**Work request:** Make an exact copy of every entry, leaving the pictures out.

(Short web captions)
------------------------------
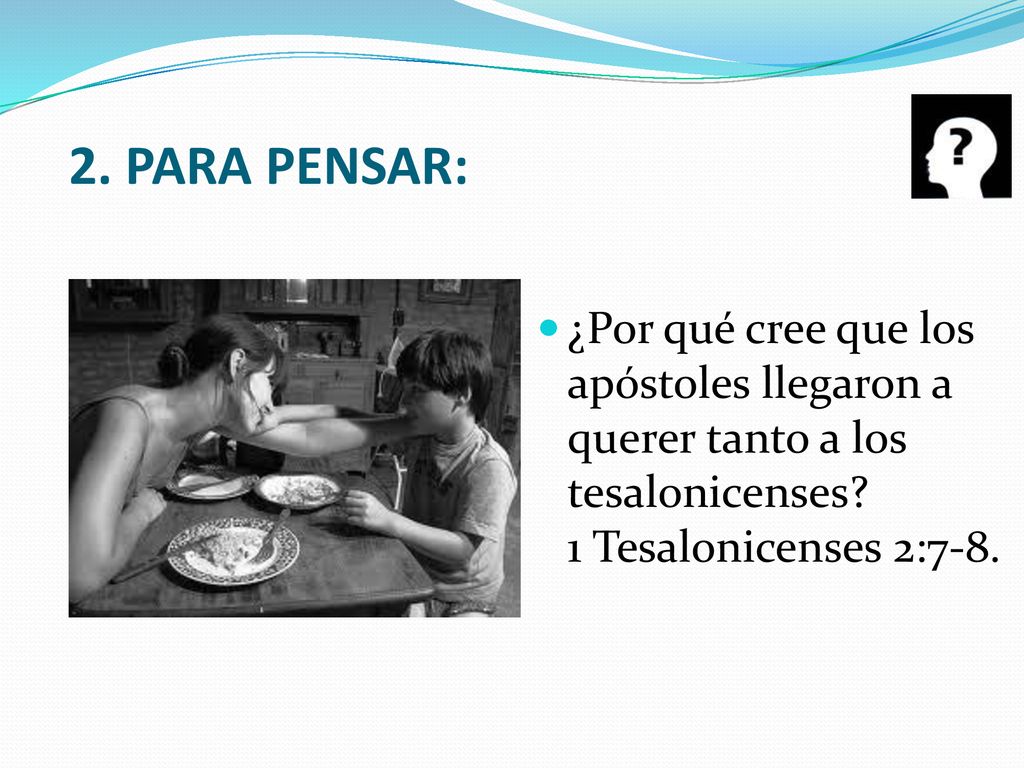 2. PARA PENSAR: ¿Por qué cree que los apóstoles llegaron a querer tanto a los tesalonicenses.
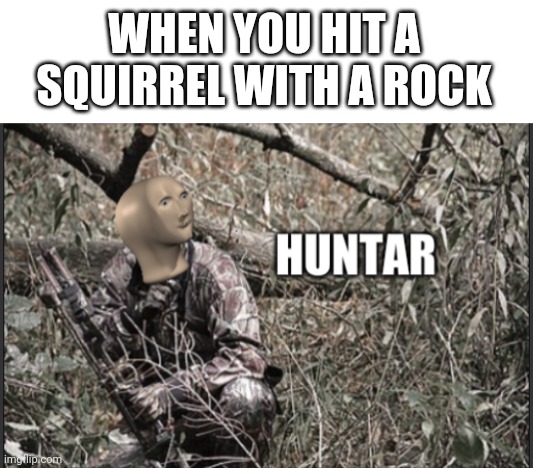 Huntars and prei | WHEN YOU HIT A SQUIRREL WITH A ROCK | image tagged in blank white template,huntar | made w/ Imgflip meme maker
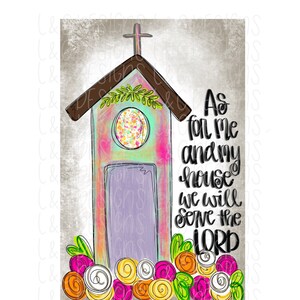 Church sublimation design | digital download | spring | as for me and my house| Bible verse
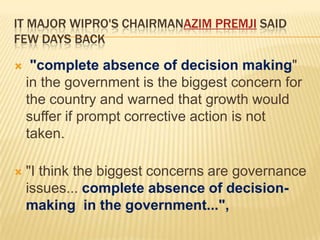 IT MAJOR WIPRO'S CHAIRMANAZIM PREMJI SAID
FEW DAYS BACK


"complete absence of decision making"
in the government is the biggest concern for
the country and warned that growth would
suffer if prompt corrective action is not
taken.



"I think the biggest concerns are governance
issues... complete absence of decisionmaking in the government...",

 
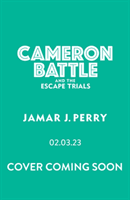 Cameron Battle and the Escape Trials (Perry Jamar J.)(Paperback / softback)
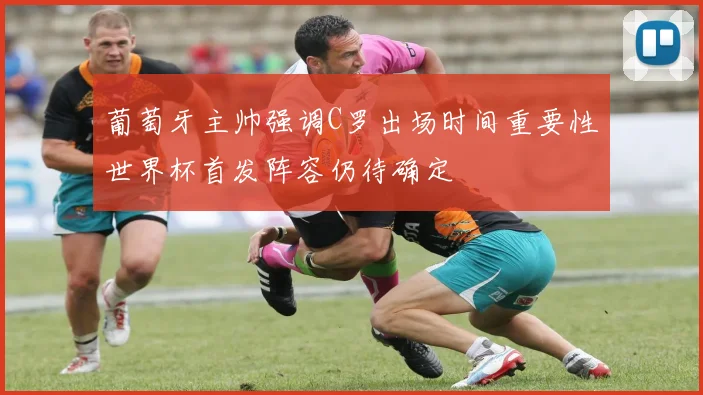葡萄牙主帅强调C罗出场时间重要性世界杯首发阵容仍待确定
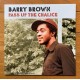 BARRY BROWN – Pass Up The Chalice - LP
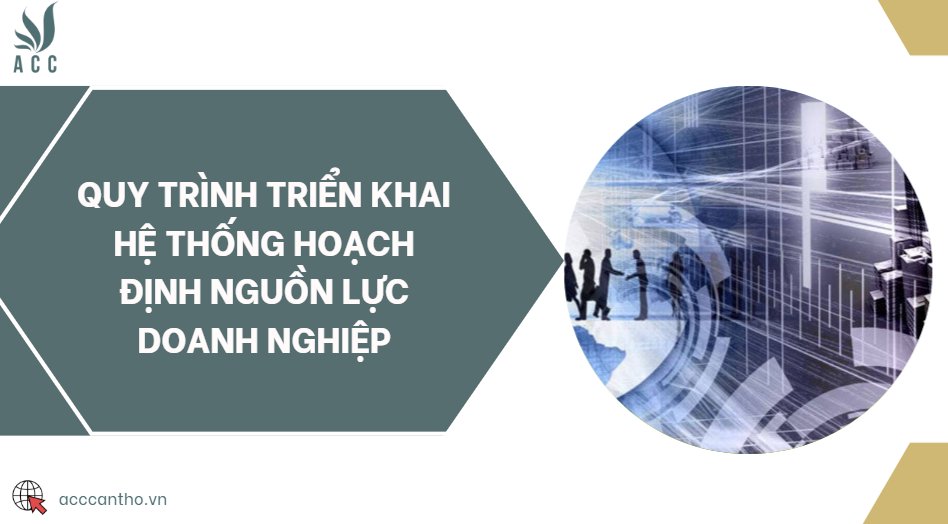 Quy trình triển khai hệ thống hoạch định nguồn lực doanh nghiệp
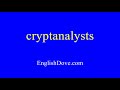 How to Pronounce 'Cryptanalysts' in American English ๐ฃ๏ธ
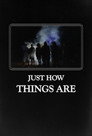 Just How Things Are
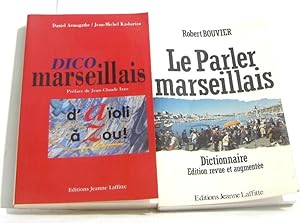 (Lot de deux livres) Dico marseillais: D'Aïoli à Zou! - le parler marseillais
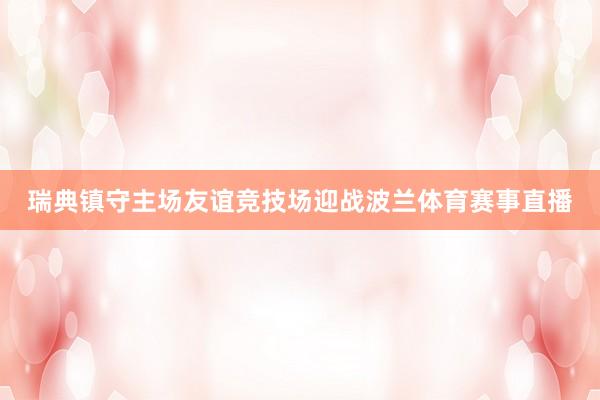 瑞典镇守主场友谊竞技场迎战波兰体育赛事直播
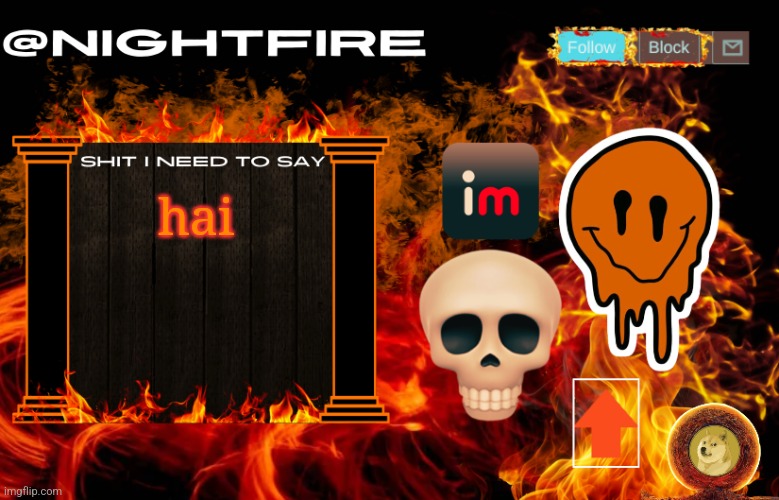 Nightfire's Announcement Template | hai | image tagged in nightfire's announcement template | made w/ Imgflip meme maker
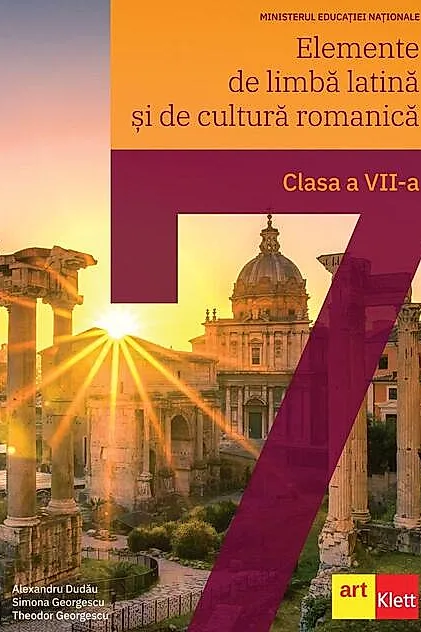 Elemente de limbă latină și de cultură romanică. Manual pentru clasa a VII-a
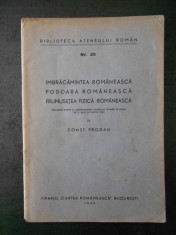 CONST. PRODAN - IMBRACAMINTEA ROMANEASCA. PODOABA ROMANEASCA. (1940) foto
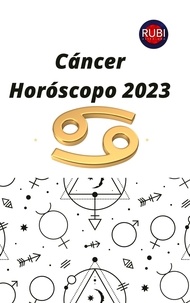  Rubi Astrologa - Cáncer Horóscopo 2023.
------------------------------
**Answer below:**
 2. PARA PENSAR: ¿Por qué cree que los apóstoles llegaron a querer tanto a los tesalonicenses.
 Huntars and prei | WHEN YOU HIT A SQUIRREL WITH A ROCK | image tagged in blank white template,huntar | made w/ Imgflip meme maker
 Church sublimation design | digital download | spring | as for me and my house| Bible verse
 IT MAJOR WIPRO'S CHAIRMANAZIM PREMJI SAID
FEW DAYS BACK


"complete absence of decision making"
in the government is the biggest concern for
the country and warned that growth would
suffer if prompt corrective action is not
taken.



"I think the biggest concerns are governance
issues... complete absence of decisionmaking in the government...",

 
 Cameron Battle and the Escape Trials (Perry Jamar J.)(Paperback / softback)
葡萄牙主帅强调C罗出场时间重要性世界杯首发阵容仍待确定
 BARRY BROWN – Pass Up The Chalice - LP
 Quy trình triển khai hệ thống hoạch định nguồn lực doanh nghiệp
 How to Pronounce 'Cryptanalysts' in American English ๐ฃ๏ธ
 Just How Things Are
 (Lot de deux livres) Dico marseillais: D'Aïoli à Zou! - le parler marseillais
 瑞典镇守主场友谊竞技场迎战波兰体育赛事直播
 Nightfire's Announcement Template | hai | image tagged in nightfire's announcement template | made w/ Imgflip meme maker
 Elemente de limbă latină și de cultură romanică. Manual pentru clasa a VII-a
 CONST. PRODAN - IMBRACAMINTEA ROMANEASCA. PODOABA ROMANEASCA. (1940) foto
  Rubi Astrologa - Cáncer Horóscopo 2023.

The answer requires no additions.